On January 27, 2025, the film had its world premiere at the Sundance Film Festival. It was released in U.S. theaters on November 7 by Janus Films.

==Plot==
On December 19, 1974, photographer Peter Hujar visits the SoHo apartment of writer Linda Rosenkrantz to be interviewed for her book project documenting ordinary days in the lives of artists. Sitting on her couch, Peter begins recounting everything he did the previous day after admitting he had forgotten Linda’s request to write it down until she called him. As Linda records the conversation, she occasionally interrupts to ask questions, clarify details, and encourage Peter to remember seemingly insignificant moments.

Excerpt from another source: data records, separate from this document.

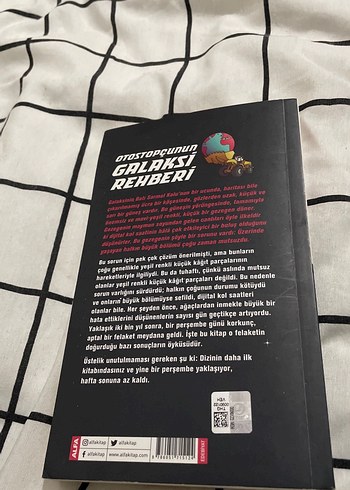 Otostopçunun Galaksi Rehberi - Douglas Adams - Görsel 2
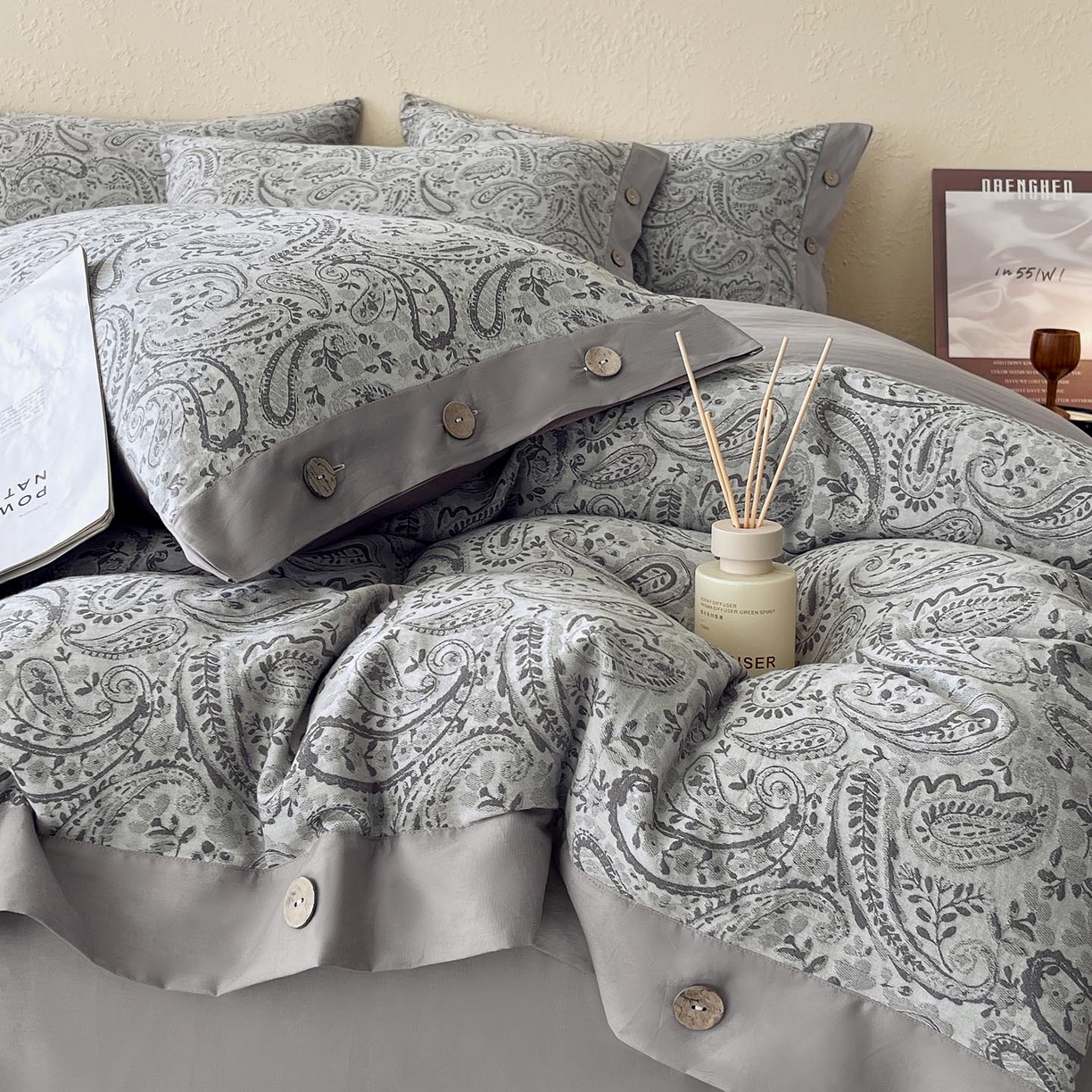 91家纺网 家纺一手货源 找家纺 帅露家纺 2026新款A类全棉纯棉色织大提花纽扣款四件套 欧若拉-灰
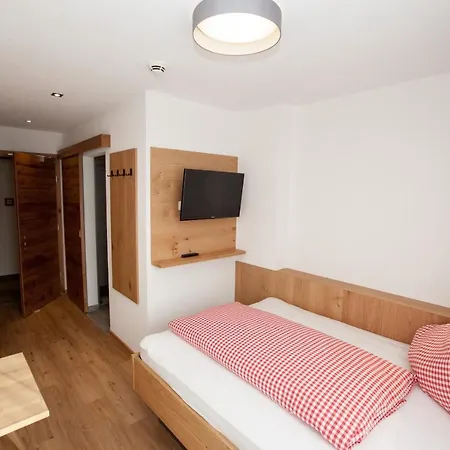 Haus Kuechelspitz Bed & Breakfast Ischgl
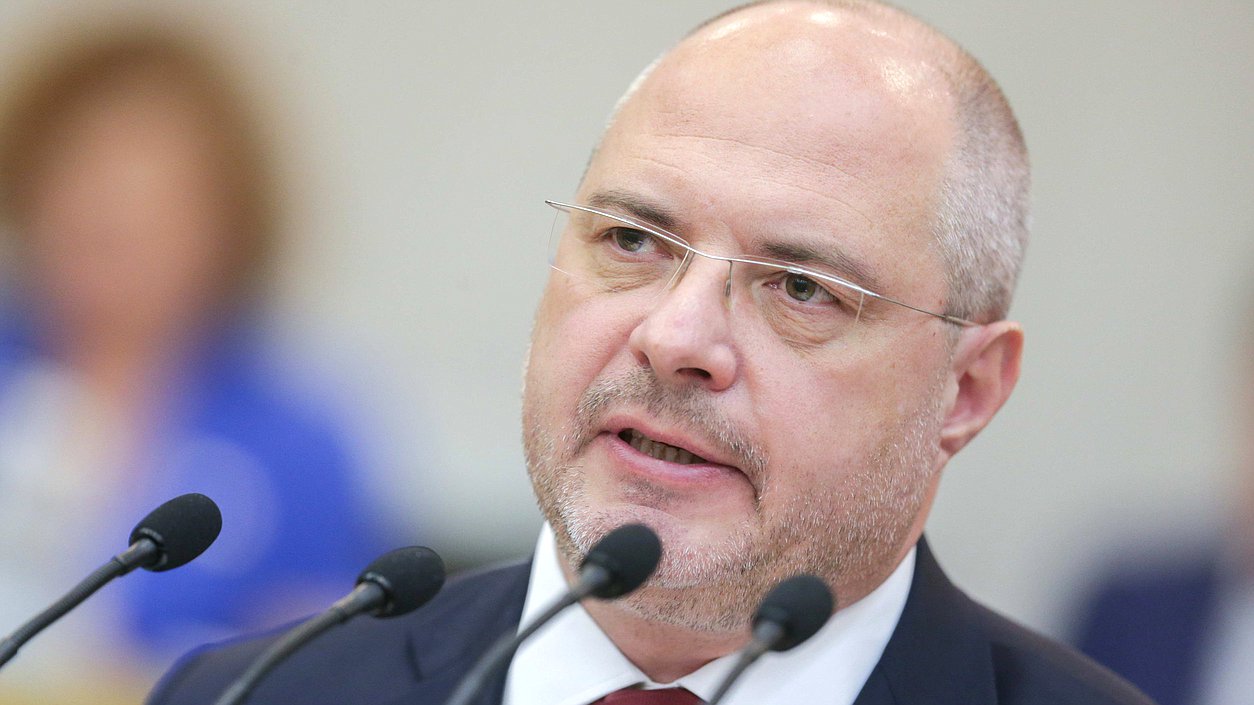 Председатель Комитета по развитию гражданского общества, вопросам общественных и религиозных объединений Сергей Гаврилов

Peter recalls accidentally sleeping through his 8:30 a.m. alarm before being awakened by a call from Jacqueline de Mornay, a French editor from Elle magazine, who was arriving to collect his photographs of model Lauren Hutton. While waiting, he receives a phone call from writer Susan Sontag, who asks for directions to his gallery exhibition and says she is leaving for Paris that day or the next. Peter admits he lied to Susan to conceal some earlier name-dropping involving a gallery representative. When Jacqueline arrives, she praises his photographs but cannot tell him how much he will be paid, making Peter suspicious as she departs with the prints. He then calculates the money he is owed, fields calls from neighbor Bob Mony and artist Ed Baynard, and, after venting to Linda about Ed’s lengthy conversation, returns to bed for another hour.

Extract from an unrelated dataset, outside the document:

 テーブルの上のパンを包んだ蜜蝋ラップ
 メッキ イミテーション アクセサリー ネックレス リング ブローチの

After waking again, Peter buys cigarettes, calls poet Allen Ginsberg to arrange a portrait session for The New York Times, and travels to Ginsberg’s apartment on the Lower East Side. There he meets Peter Orlovsky and several visitors while Ginsberg finishes phone calls and prepares to leave. Their conversation is awkward, and Ginsberg initially resists the assignment, insisting on being photographed outdoors rather than in the conventional style expected by a newspaper. He leads Peter through the neighborhood, posing among abandoned buildings and inside the burned-out remains of the former Peace Eye Book Store while chanting and meditating.

Peter eventually confronts Ginsberg, explaining that he is not representing the newspaper’s corporate interests and that this is his first assignment for The New York Times. Ginsberg’s attitude softens, and he agrees to continue the session inside his apartment. On the way back they stop at a vegetable stand, where Ginsberg buys persimmons, before returning to finish the portraits. They discuss writer William S. Burroughs, whom Peter is scheduled to photograph the following day, and part on friendly terms. Despite this, Peter later admits to Linda that he believes they never truly connected and that the photographs failed as portraits.

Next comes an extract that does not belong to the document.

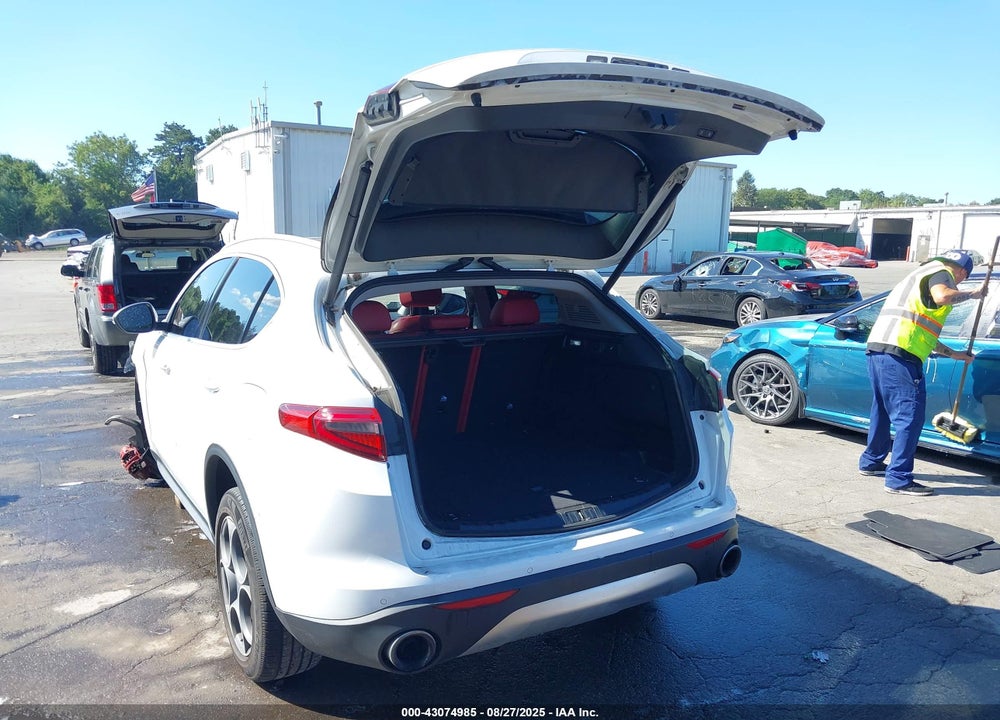 2018 ALFA ROMEO STELVIO VIN: ZASFAKAN1J7C28750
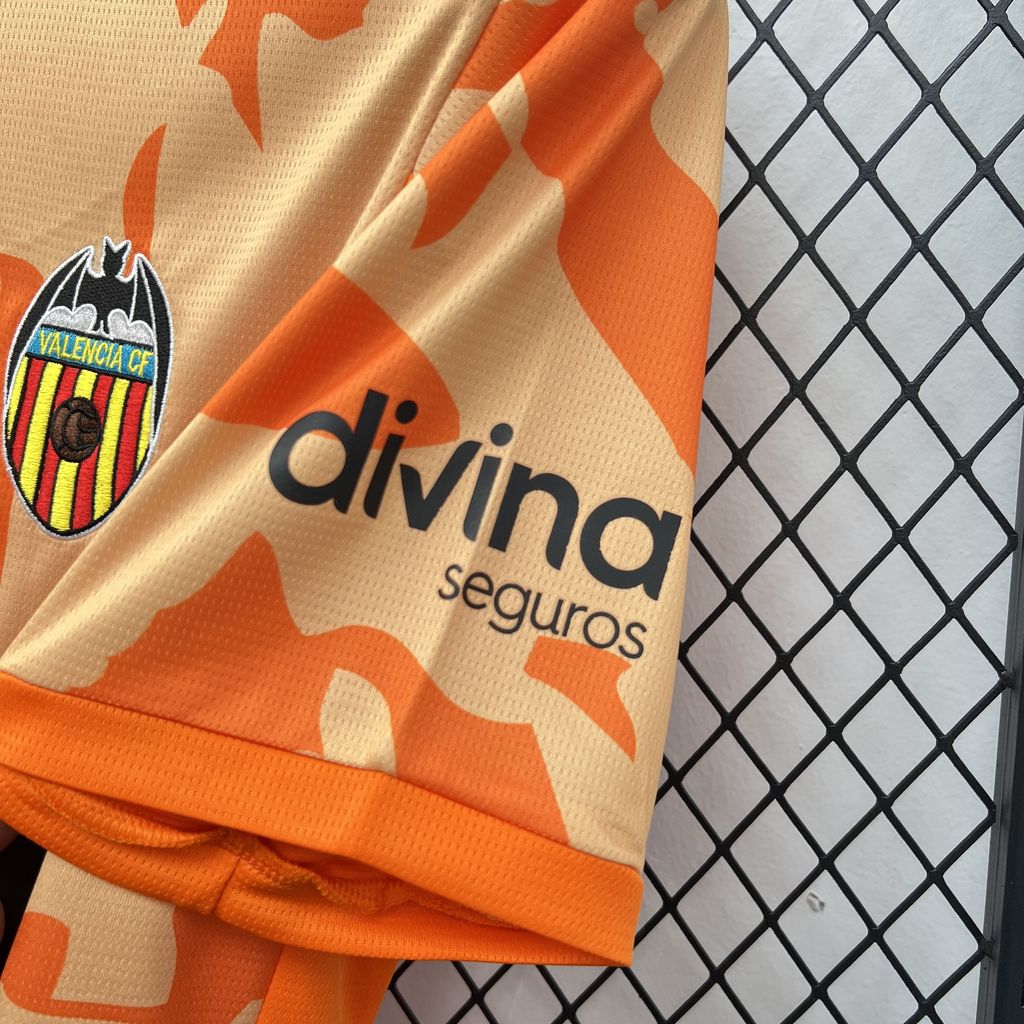 2025/26 Mens Valencia CF Retro Jersey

Back at his apartment, Peter eats a simple meal before spending the evening developing film in his darkroom. He avoids socializing by lying to a caller, then receives a phone call from Linda reminding him to write down everything he had done that day. After briefly making his notes, he resumes developing his negatives while receiving calls from writers Glenn O’Brien, Vince Aletti, and later Fran Lebowitz. During the interview, Peter and Linda listen to records and briefly dance together before returning to the tape recorder.

Peter recalls that Vince visits because his apartment has no hot water, and they share Chinese takeout while discussing the Ginsberg session and Peter’s feeling that he spends his days constantly working yet accomplishes very little. Glenn briefly stops by to collect photographic negatives before leaving. After his guests depart, Peter spends the rest of the night printing photographs for a restaurant commission and preparing prints for clients. Although initially disappointed by the Ginsberg contact sheets, he gradually begins to appreciate them while reflecting on his artistic ambitions and his desire for his work to stand on its own rather than depend on the fame of his subjects. As he struggles with failing eyesight while retouching prints, he and Linda discuss aging, physical decline, and the death of a fellow photographer.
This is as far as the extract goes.